--- START ---

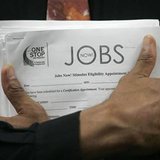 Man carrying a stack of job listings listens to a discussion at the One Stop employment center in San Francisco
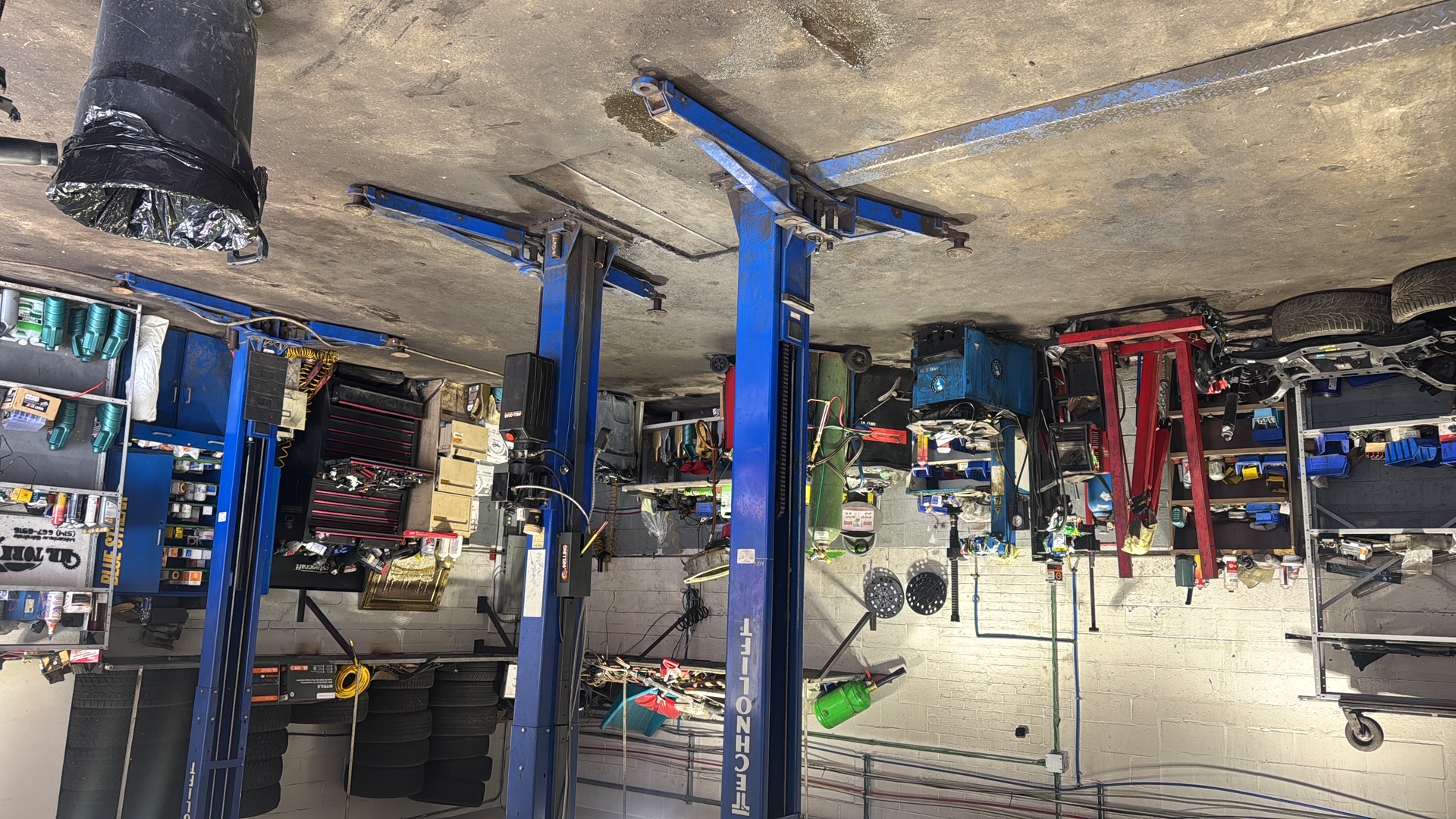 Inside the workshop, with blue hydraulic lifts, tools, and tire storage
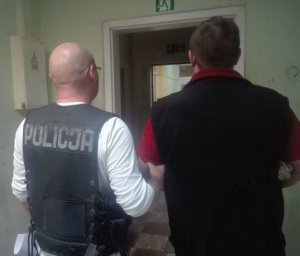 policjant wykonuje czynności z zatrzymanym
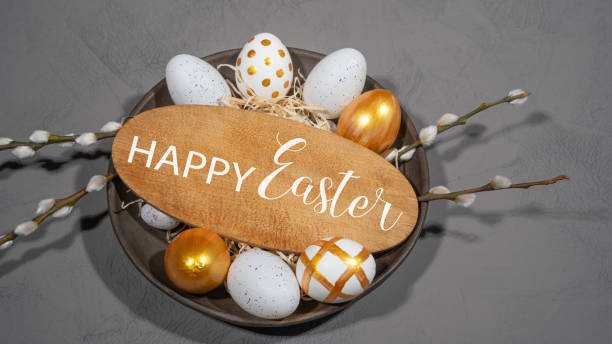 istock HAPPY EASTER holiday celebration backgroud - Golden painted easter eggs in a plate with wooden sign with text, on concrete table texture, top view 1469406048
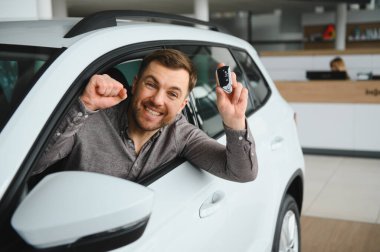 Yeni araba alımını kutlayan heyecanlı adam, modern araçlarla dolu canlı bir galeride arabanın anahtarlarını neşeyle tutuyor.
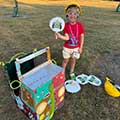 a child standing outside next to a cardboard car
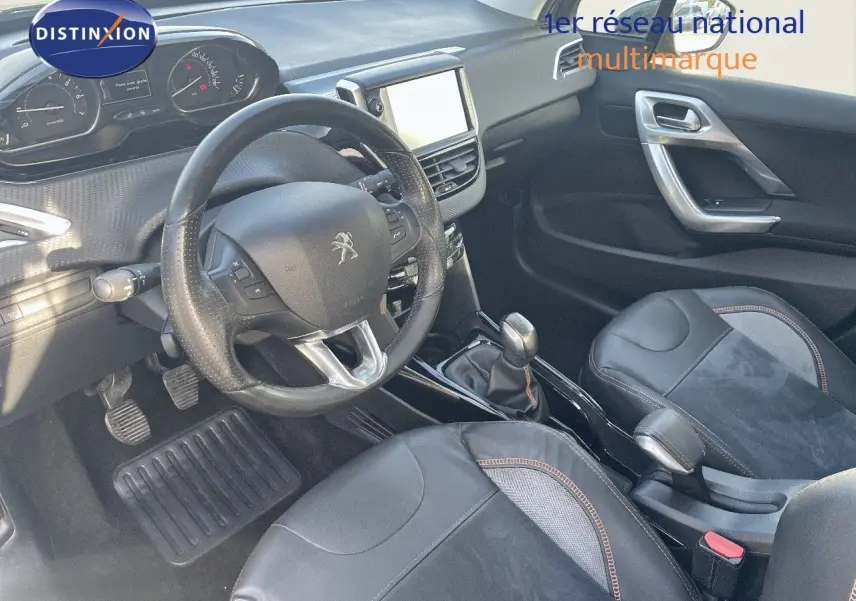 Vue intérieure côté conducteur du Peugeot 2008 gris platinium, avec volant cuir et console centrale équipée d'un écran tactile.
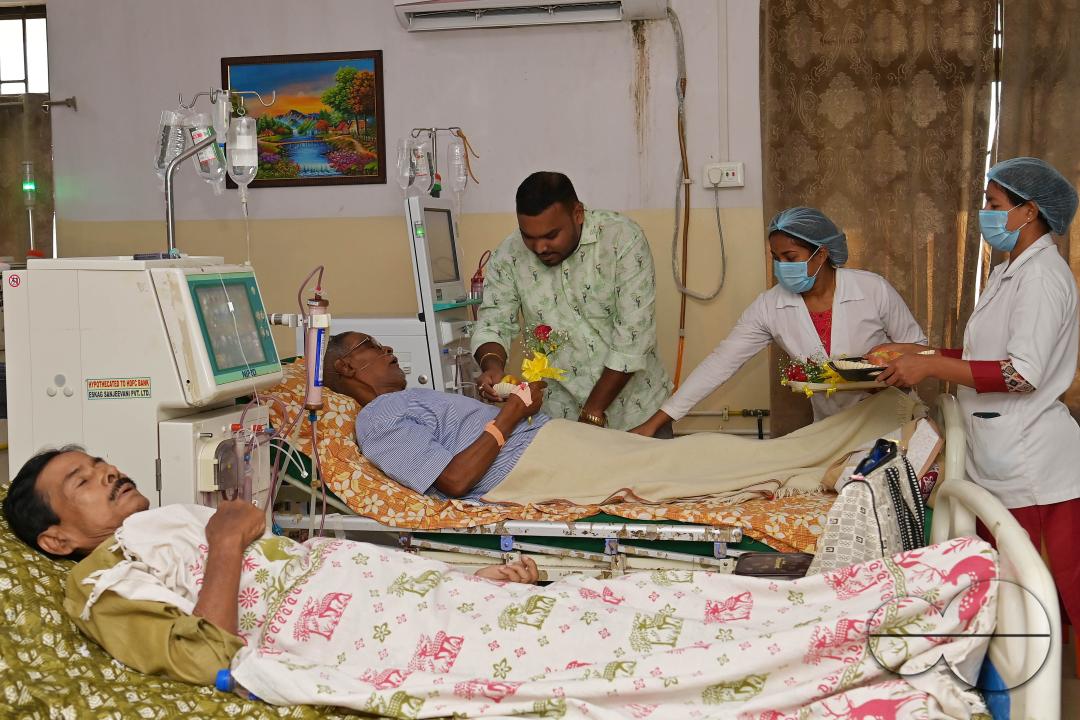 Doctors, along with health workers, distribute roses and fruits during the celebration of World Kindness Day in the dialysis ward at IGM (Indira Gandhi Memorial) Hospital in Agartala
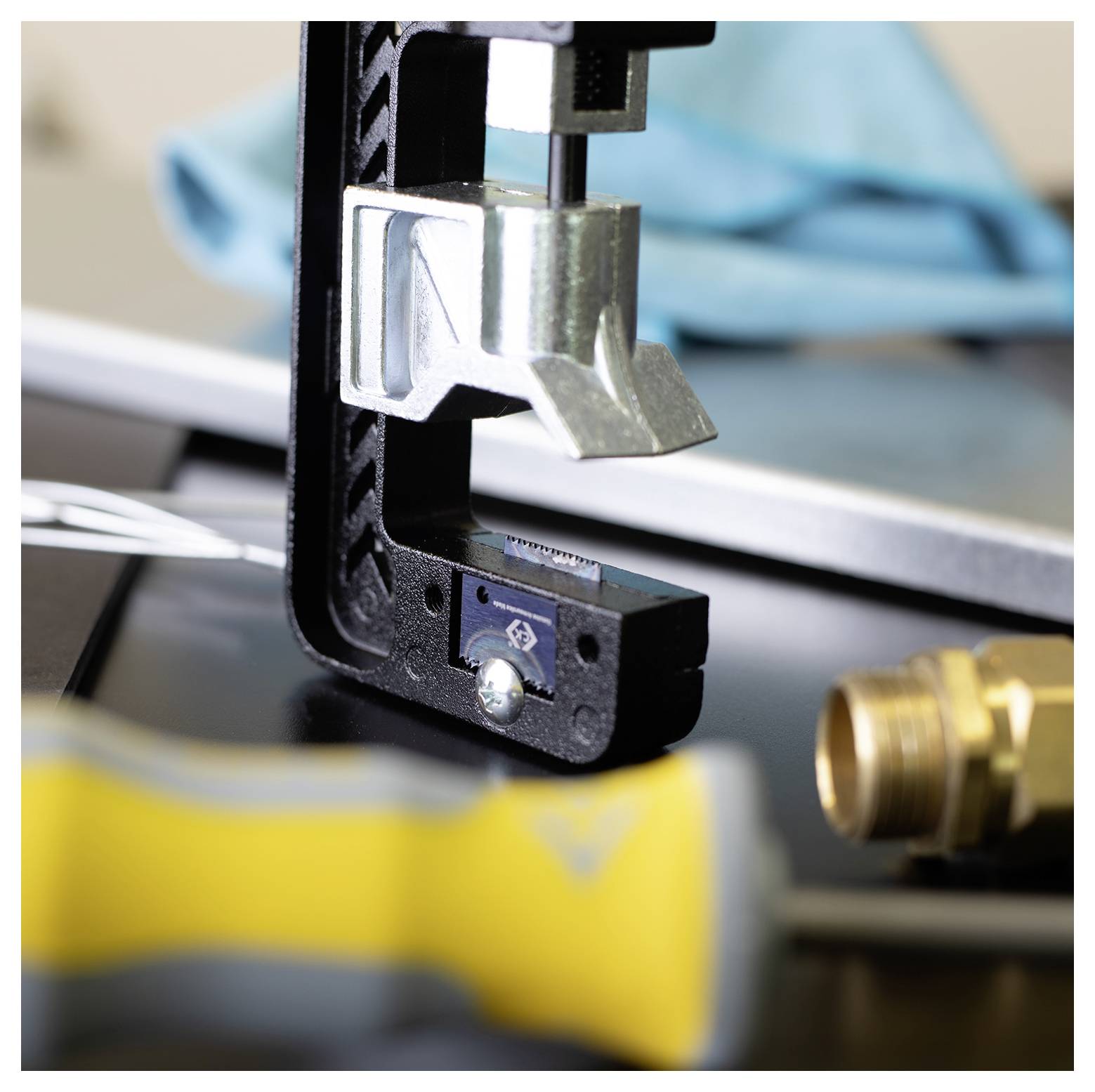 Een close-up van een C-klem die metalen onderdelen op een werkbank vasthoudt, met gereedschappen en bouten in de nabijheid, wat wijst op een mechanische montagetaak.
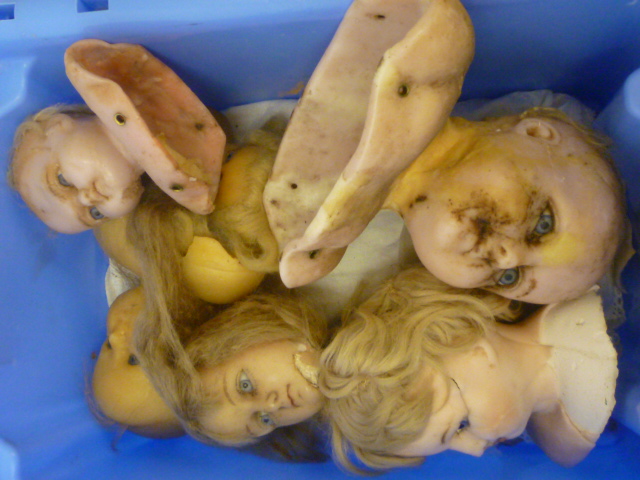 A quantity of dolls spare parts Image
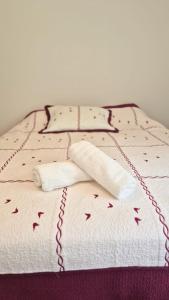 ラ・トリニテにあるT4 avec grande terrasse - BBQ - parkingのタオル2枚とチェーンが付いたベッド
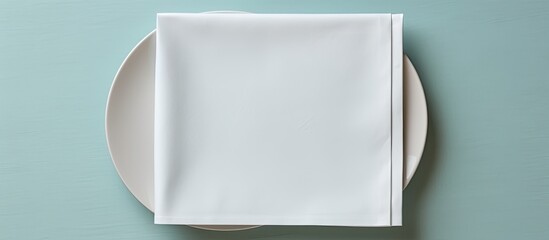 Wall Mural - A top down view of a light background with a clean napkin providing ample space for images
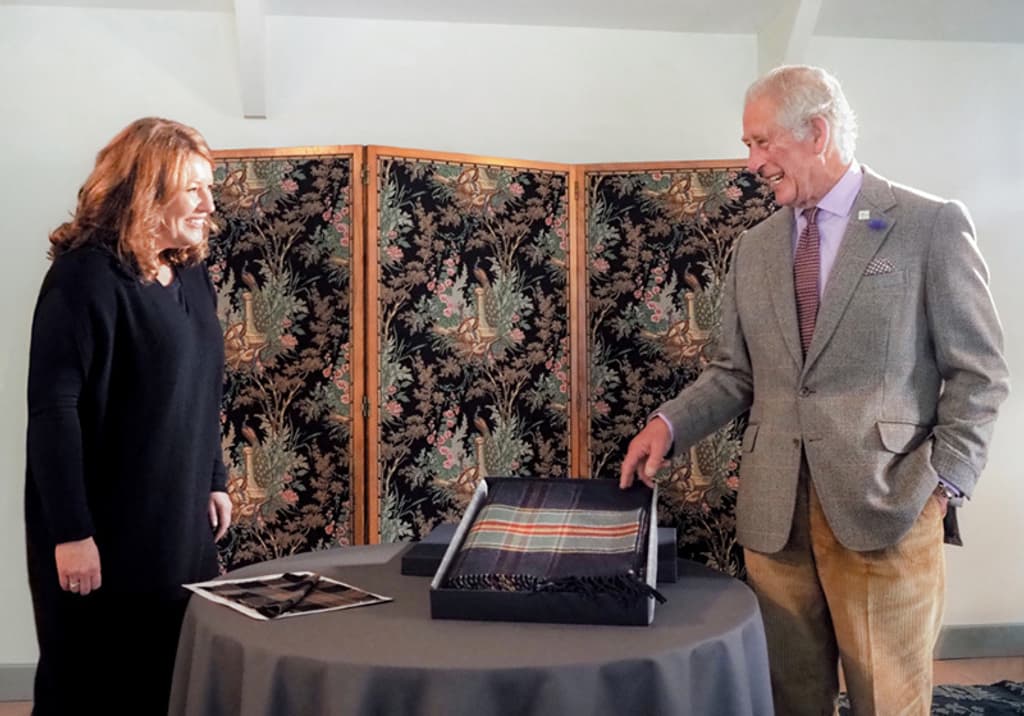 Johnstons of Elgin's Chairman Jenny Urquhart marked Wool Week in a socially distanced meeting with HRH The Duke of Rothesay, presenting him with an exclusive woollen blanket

--- END ---

== Task goal ==
Please copy the data shown above word for word, omitting the pictures.

== Written solution ==
 Man carrying a stack of job listings listens to a discussion at the One Stop employment center in San Francisco
 Inside the workshop, with blue hydraulic lifts, tools, and tire storage
 policjant wykonuje czynności z zatrzymanym
 istock HAPPY EASTER holiday celebration backgroud - Golden painted easter eggs in a plate with wooden sign with text, on concrete table texture, top view 1469406048
 Yeni araba alımını kutlayan heyecanlı adam, modern araçlarla dolu canlı bir galeride arabanın anahtarlarını neşeyle tutuyor.
 a child standing outside next to a cardboard car
 Vue intérieure côté conducteur du Peugeot 2008 gris platinium, avec volant cuir et console centrale équipée d'un écran tactile.
 Doctors, along with health workers, distribute roses and fruits during the celebration of World Kindness Day in the dialysis ward at IGM (Indira Gandhi Memorial) Hospital in Agartala
 Een close-up van een C-klem die metalen onderdelen op een werkbank vasthoudt, met gereedschappen en bouten in de nabijheid, wat wijst op een mechanische montagetaak.
 A quantity of dolls spare parts Image
 ラ・トリニテにあるT4 avec grande terrasse - BBQ - parkingのタオル2枚とチェーンが付いたベッド
 Wall Mural - A top down view of a light background with a clean napkin providing ample space for images
 Johnstons of Elgin's Chairman Jenny Urquhart marked Wool Week in a socially distanced meeting with HRH The Duke of Rothesay, presenting him with an exclusive woollen blanket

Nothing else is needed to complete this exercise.